En plus de cela, il est possible d'adopter, à la majorité qualifiée des États membres, le budget 2021 sur la base du CFP actuel prorogé. Nous avons donc les instruments suffisants pour au moins mettre en place le Plan de relance européen.

Cette proposition pourrait-elle être contestée ?

Oui, certains États peuvent toujours aller à la Cour de justice. C'est un risque. Mais quelle est l'alternative ? Ne pas mettre en place le Plan de relance à cause du risque de contentieux ?

Notre interprétation de l'article 310.4 est très littérale. Il n'y a pas, dans le traité, d'interdiction d'émission de dette, ni cette idée de disposer d'un actif de même valeur au moment de l'émission de la dette.

Ça, c'est l'interprétation du service juridique du Conseil. C'est très joli, mais l'article 310.4 ne le requiert pas.
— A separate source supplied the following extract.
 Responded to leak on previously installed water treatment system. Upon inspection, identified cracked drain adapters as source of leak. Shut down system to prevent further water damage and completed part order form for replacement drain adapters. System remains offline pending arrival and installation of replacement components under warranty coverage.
Cela fonctionne très bien dans une pensée très orthodoxe de l'économie.

D'aucuns, comme Guy Verhofstadt, préconisent la mise en place d'une coopération renforcée à vingt-cinq pour aller de l'avant avec le Plan de relance...

J'en ai parlé avec Guy. Ce sont deux possibilités.

Mais, pour moi, il y a plus de valeur ajoutée si nous continuons avec la méthode communautaire tout court. Nous montrons ainsi que nous pouvons faire les choses sans l'unanimité tout en respectant les traités. Et la Hongrie et la Pologne demeurent bénéficiaires du Plan de relance, car nous ne voulons pas pénaliser leurs citoyens.

En outre, dans la possibilité que je défends, le rôle du PE est assuré. Avec la coopération renforcée, en revanche, il faut gagner un rôle pour le Parlement, dans un accord interinstitutionnel par exemple. Cela prend du temps.

Dans le cadre d'une coopération renforcée, les pays participants agissent à l'unanimité. La Pologne et la Hongrie peuvent demander à la rejoindre et la bloquer de l'intérieur. Il faudrait alors trouver un moyen pour que les deux pays ne rejoignent pas cette coopération renforcée. Cela poserait d'autres problèmes juridiques.

La priorité doit donc être, dans l'ordre : - sauver le Plan de relance via les articles 122.2 et 310.4 ; - une coopération renforcée ; - et une solution intergouvernementale.